Collected material ::
------------------------

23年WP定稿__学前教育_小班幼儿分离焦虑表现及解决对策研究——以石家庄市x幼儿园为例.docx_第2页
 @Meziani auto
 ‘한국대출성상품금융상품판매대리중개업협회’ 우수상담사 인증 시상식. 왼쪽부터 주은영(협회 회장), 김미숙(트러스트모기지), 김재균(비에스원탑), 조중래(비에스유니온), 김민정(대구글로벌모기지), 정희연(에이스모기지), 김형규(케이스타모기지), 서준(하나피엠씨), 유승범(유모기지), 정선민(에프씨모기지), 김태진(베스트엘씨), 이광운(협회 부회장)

------------------------

What the exercise asks :: Every line of the listing above is to be repeated exactly as written.

Solution to this task ::
23年WP定稿__学前教育_小班幼儿分离焦虑表现及解决对策研究——以石家庄市x幼儿园为例.docx_第2页
 @Meziani auto
 ‘한국대출성상품금융상품판매대리중개업협회’ 우수상담사 인증 시상식. 왼쪽부터 주은영(협회 회장), 김미숙(트러스트모기지), 김재균(비에스원탑), 조중래(비에스유니온), 김민정(대구글로벌모기지), 정희연(에이스모기지), 김형규(케이스타모기지), 서준(하나피엠씨), 유승범(유모기지), 정선민(에프씨모기지), 김태진(베스트엘씨), 이광운(협회 부회장)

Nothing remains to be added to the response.